TASK GOAL
In the copy, include every entry exactly but none of its images.

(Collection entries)
[Start of section]

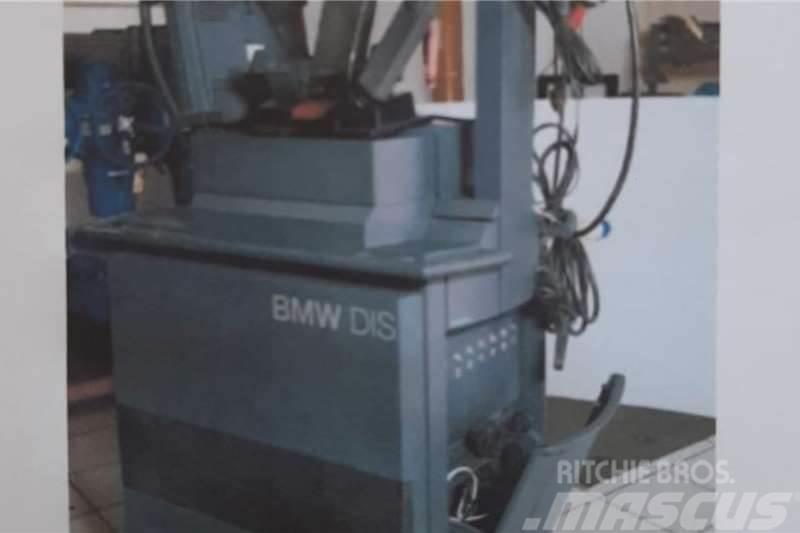 BMW Diagnostic Machine Diger kamyonlar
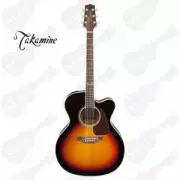 TAKAMINE GJ72CEBSB G70 SERIES SOLID TOP JUMBO ACOUSTIC ELECTRIC GUITAR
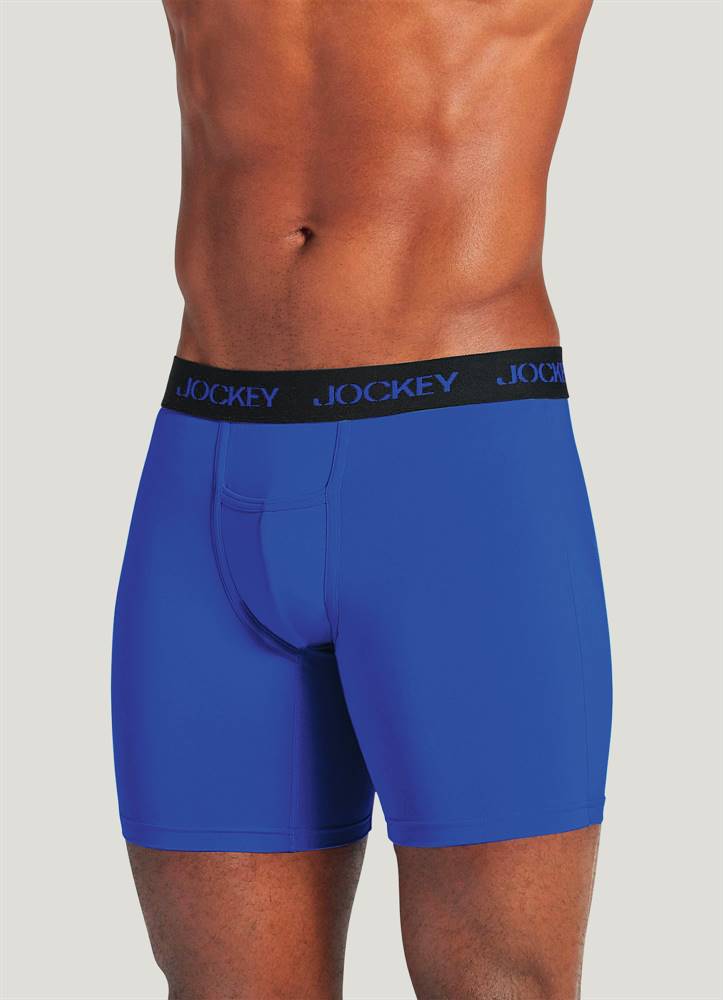 Jockey Sport Microfiber 7 Boxer Brief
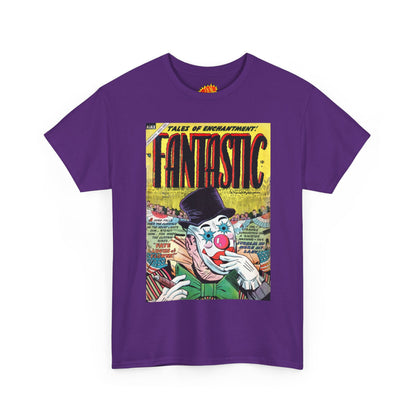 Fantastic November - December Comic Tee Shirt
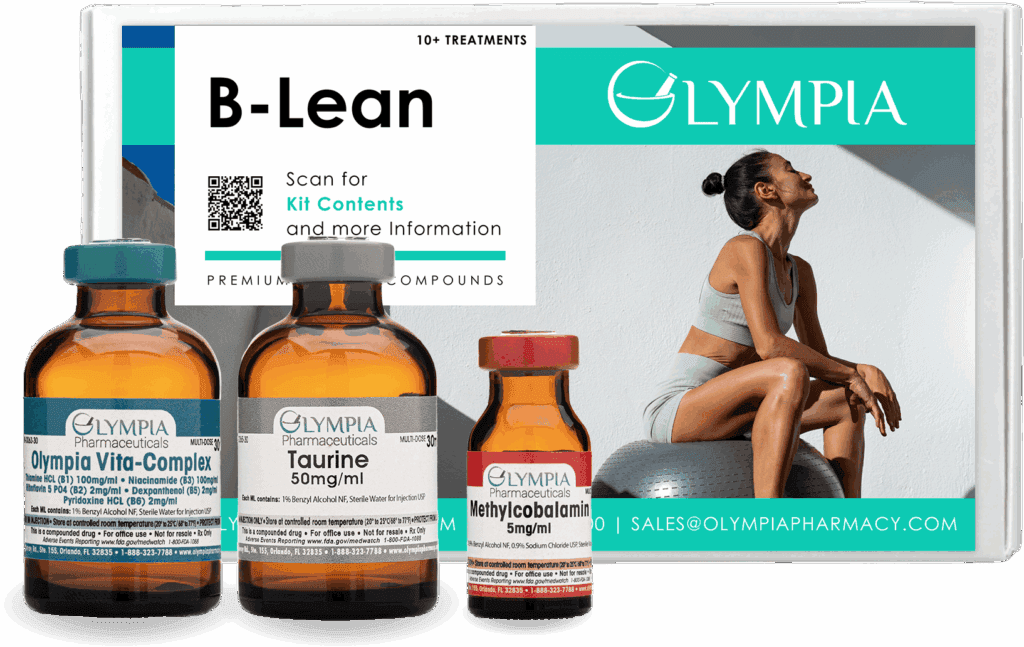B-Lean (Metabolism Support)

[End of section]

WRITTEN SOLUTION
 BMW Diagnostic Machine Diger kamyonlar
 TAKAMINE GJ72CEBSB G70 SERIES SOLID TOP JUMBO ACOUSTIC ELECTRIC GUITAR
 Jockey Sport Microfiber 7 Boxer Brief
 Fantastic November - December Comic Tee Shirt
B-Lean (Metabolism Support)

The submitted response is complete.